What the task asks
Everything from the line containing "A teacher also" through the last line of the listing below should be returned exactly, except for pictures.

Dataset extract
----
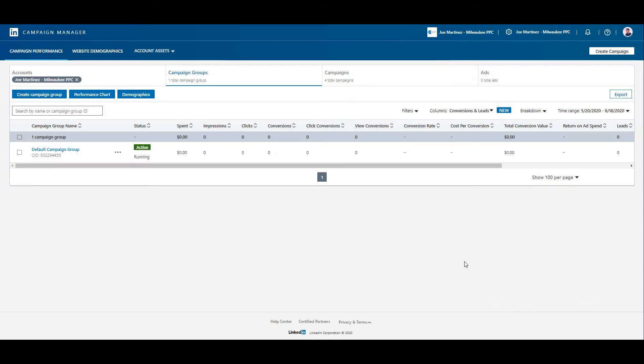So this video is going to show you how you can create retargeting audiences for all three of those options. Before we talk about the retargeting options on LinkedIn, we need to understand that these retargeting options are audiences that we need to create within the channel.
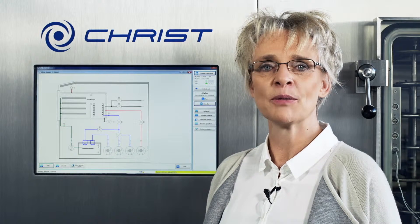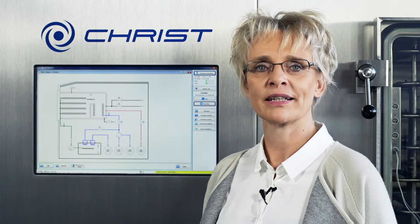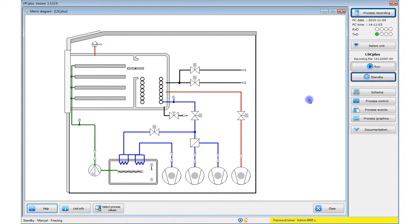Here, you see a schematic picture of the freeze dryer. It gives you an overview of the status of various parts. For example, running pumps and open valves are color coded.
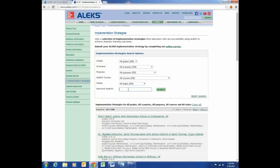A teacher also shared his own implementation strategy: he provides direct instruction Monday through Wednesday, and then on Thursday and Friday students work in ALEKS. That's another potential way to structure instruction time versus individual ALEKS time.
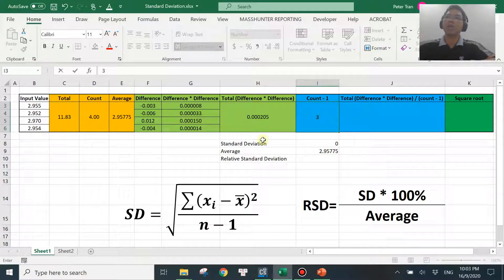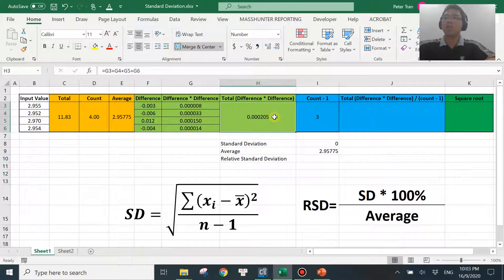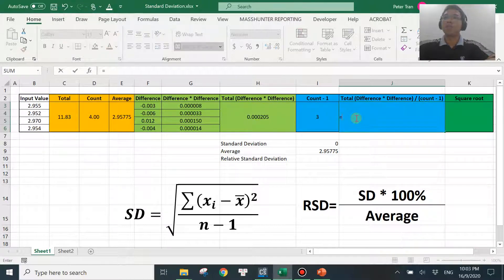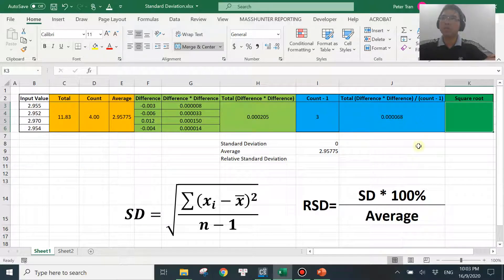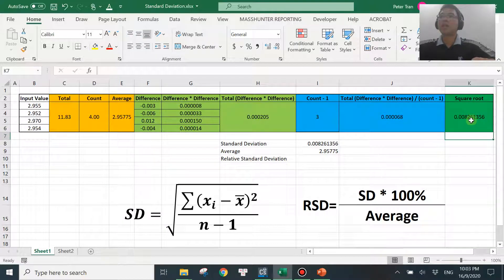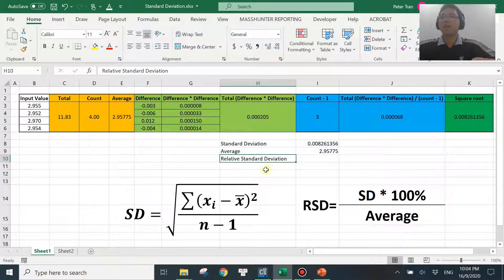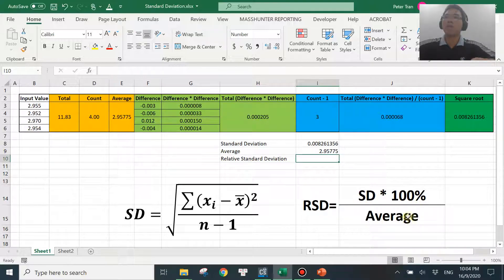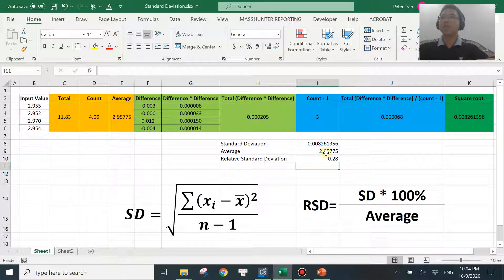Then you want count minus one, which is n minus one. We have four, so that will be three. Then you divide the sum by n minus one — this value divided by this count minus one. The last step is to take the square root of that value, using SQRT. So this is your standard deviation from the manual calculation. Standard deviation is here, average is here. Another very useful term is relative standard deviation, which is standard deviation times 100 divided by the average, expressed as a percent.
----
Response to the exercise
A teacher also shared his own implementation strategy: he provides direct instruction Monday through Wednesday, and then on Thursday and Friday students work in ALEKS. That's another potential way to structure instruction time versus individual ALEKS time.
Then you want count minus one, which is n minus one. We have four, so that will be three. Then you divide the sum by n minus one — this value divided by this count minus one. The last step is to take the square root of that value, using SQRT. So this is your standard deviation from the manual calculation. Standard deviation is here, average is here. Another very useful term is relative standard deviation, which is standard deviation times 100 divided by the average, expressed as a percent.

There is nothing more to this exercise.